> **What is needed**:
Find the line with "ἐθέλοι πλεονεκτεῖν, ἔσθ'" in the entries below. Repeat it, every following line, and the line with "提琴雙傑 / 札格拉布體育館音樂會實況", exactly and with nothing added.
-----
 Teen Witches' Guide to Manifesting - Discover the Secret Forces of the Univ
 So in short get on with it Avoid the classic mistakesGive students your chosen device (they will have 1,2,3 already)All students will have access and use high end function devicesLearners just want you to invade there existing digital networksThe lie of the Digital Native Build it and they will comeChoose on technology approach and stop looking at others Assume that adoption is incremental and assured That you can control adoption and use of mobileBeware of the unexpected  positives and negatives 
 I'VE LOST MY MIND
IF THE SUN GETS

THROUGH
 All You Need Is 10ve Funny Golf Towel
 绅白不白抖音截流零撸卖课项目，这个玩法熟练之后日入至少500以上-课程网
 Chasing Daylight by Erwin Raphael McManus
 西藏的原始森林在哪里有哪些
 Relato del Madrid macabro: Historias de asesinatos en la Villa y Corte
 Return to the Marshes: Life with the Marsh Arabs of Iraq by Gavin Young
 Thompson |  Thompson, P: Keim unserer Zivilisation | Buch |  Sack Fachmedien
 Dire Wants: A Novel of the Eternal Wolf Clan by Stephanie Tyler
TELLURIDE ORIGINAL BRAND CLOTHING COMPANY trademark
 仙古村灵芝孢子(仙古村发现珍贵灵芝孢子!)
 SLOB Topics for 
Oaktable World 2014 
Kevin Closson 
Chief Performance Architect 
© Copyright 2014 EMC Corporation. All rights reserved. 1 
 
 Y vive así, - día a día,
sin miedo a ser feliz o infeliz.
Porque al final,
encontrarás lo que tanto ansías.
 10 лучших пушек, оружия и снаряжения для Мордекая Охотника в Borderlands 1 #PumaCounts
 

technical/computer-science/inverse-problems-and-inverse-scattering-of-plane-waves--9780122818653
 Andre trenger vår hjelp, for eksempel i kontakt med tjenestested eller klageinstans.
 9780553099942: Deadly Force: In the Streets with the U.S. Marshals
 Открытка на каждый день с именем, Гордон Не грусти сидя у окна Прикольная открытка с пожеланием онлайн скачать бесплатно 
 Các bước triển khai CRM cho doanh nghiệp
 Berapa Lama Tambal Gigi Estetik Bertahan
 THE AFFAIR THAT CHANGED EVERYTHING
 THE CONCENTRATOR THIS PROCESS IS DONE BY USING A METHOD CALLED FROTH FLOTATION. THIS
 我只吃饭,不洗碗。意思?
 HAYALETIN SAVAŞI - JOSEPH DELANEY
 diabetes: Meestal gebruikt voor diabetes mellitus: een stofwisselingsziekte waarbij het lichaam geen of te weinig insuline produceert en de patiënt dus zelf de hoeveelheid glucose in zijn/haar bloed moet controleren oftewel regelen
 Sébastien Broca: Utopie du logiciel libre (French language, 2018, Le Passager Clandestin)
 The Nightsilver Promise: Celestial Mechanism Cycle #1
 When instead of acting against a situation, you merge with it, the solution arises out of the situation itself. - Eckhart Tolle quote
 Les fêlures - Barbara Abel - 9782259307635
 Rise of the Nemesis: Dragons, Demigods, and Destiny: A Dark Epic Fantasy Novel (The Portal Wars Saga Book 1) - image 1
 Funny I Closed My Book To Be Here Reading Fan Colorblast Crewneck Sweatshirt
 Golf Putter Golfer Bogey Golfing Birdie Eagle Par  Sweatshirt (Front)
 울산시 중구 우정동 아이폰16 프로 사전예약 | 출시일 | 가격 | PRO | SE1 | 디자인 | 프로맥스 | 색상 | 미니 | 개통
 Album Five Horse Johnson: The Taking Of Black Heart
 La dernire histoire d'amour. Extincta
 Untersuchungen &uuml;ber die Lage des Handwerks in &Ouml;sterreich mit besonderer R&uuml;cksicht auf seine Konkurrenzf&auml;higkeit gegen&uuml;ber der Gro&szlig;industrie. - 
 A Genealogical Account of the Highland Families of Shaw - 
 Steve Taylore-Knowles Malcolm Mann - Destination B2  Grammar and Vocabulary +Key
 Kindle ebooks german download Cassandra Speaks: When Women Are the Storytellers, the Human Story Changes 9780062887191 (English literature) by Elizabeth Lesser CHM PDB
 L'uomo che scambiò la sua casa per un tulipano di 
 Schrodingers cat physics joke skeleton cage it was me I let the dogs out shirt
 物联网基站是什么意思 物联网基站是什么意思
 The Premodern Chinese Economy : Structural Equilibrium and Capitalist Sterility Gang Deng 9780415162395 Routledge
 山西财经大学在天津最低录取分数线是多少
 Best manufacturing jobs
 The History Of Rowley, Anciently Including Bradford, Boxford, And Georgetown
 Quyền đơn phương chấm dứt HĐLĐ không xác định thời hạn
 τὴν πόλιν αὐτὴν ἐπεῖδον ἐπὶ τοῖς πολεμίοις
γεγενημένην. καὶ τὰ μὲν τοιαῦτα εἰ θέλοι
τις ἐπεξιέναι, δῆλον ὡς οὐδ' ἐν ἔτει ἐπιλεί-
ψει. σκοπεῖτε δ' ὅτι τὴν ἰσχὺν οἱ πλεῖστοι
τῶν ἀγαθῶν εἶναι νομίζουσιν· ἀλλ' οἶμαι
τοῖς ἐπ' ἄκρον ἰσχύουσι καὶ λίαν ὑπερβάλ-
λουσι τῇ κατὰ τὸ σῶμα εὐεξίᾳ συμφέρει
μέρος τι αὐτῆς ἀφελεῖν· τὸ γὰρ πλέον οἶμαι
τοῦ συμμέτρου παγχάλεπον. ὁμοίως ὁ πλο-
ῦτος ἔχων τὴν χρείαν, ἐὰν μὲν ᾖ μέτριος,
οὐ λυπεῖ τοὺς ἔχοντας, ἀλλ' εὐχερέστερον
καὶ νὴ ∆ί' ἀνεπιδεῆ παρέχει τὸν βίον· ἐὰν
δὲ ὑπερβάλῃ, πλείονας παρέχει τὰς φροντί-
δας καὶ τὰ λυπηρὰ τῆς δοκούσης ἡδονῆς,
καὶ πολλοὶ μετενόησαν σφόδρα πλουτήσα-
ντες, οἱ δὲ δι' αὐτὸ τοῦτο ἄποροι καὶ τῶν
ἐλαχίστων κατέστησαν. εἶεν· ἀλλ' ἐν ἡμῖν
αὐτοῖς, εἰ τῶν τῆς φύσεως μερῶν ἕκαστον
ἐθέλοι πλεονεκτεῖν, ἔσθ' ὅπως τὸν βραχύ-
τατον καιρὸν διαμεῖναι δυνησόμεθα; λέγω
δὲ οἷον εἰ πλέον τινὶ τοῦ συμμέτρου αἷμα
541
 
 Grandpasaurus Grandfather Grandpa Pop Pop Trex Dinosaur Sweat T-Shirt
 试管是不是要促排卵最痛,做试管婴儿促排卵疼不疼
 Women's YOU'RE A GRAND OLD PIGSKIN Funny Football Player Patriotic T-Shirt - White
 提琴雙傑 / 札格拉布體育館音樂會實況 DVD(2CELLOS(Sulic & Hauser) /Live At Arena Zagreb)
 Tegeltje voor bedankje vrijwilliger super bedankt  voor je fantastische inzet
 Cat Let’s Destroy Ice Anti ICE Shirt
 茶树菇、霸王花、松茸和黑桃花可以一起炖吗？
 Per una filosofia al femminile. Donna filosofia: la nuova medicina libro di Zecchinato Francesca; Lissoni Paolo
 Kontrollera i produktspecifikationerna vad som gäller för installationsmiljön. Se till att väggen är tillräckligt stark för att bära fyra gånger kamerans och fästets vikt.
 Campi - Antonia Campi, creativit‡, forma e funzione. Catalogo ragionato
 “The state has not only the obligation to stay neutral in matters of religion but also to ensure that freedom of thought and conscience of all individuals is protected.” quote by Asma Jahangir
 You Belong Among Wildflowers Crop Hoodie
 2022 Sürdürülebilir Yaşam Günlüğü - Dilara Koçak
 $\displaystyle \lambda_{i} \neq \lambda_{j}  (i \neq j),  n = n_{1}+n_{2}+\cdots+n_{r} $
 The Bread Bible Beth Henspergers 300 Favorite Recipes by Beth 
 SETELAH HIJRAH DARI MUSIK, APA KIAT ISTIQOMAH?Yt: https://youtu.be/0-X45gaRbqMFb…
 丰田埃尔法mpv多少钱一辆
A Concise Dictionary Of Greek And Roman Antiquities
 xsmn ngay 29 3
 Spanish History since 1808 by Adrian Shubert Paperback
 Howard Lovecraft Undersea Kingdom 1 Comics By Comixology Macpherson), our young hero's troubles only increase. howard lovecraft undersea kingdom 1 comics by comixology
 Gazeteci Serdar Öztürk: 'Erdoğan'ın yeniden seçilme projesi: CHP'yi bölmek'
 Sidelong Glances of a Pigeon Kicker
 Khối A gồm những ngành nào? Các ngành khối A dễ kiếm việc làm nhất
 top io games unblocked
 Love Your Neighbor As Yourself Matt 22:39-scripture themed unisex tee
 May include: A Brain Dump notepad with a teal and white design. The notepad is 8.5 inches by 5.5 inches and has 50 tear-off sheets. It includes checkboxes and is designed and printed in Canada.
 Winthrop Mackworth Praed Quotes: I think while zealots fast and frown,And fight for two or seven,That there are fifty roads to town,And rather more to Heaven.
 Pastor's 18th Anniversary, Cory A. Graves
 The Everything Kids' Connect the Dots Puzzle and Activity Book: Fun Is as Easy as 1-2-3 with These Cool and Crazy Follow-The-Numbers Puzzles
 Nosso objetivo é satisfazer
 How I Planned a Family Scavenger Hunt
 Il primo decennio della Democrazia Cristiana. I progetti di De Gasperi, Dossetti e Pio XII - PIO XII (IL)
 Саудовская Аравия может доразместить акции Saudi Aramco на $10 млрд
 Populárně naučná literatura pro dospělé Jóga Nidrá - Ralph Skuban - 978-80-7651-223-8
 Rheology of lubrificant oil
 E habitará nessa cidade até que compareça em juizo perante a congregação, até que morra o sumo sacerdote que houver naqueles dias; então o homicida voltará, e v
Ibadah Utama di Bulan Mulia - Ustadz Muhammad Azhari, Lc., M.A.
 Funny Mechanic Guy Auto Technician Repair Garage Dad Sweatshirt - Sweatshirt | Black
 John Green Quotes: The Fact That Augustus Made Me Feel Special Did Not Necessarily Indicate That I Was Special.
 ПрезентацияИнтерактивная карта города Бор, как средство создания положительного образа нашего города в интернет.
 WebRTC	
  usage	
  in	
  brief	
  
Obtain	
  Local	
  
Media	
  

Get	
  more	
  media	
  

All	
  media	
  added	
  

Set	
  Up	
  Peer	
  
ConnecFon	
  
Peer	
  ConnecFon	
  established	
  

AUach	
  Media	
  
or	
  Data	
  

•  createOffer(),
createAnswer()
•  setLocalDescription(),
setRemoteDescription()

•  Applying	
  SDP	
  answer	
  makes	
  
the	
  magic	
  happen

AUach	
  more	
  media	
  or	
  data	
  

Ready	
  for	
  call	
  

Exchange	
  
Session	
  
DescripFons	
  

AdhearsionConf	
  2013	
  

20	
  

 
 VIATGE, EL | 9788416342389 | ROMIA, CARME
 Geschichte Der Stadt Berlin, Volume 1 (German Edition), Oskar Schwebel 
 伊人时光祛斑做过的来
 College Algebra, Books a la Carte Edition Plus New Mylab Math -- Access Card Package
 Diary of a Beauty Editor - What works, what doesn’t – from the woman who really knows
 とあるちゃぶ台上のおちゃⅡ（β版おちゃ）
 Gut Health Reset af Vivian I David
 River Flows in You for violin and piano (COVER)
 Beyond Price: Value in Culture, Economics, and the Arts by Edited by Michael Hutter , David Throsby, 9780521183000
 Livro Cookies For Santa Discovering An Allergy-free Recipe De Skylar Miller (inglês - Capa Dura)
-----
> **Answer box**:
ἐθέλοι πλεονεκτεῖν, ἔσθ' ὅπως τὸν βραχύ-
τατον καιρὸν διαμεῖναι δυνησόμεθα; λέγω
δὲ οἷον εἰ πλέον τινὶ τοῦ συμμέτρου αἷμα
541
 
 Grandpasaurus Grandfather Grandpa Pop Pop Trex Dinosaur Sweat T-Shirt
 试管是不是要促排卵最痛,做试管婴儿促排卵疼不疼
 Women's YOU'RE A GRAND OLD PIGSKIN Funny Football Player Patriotic T-Shirt - White
 提琴雙傑 / 札格拉布體育館音樂會實況 DVD(2CELLOS(Sulic & Hauser) /Live At Arena Zagreb)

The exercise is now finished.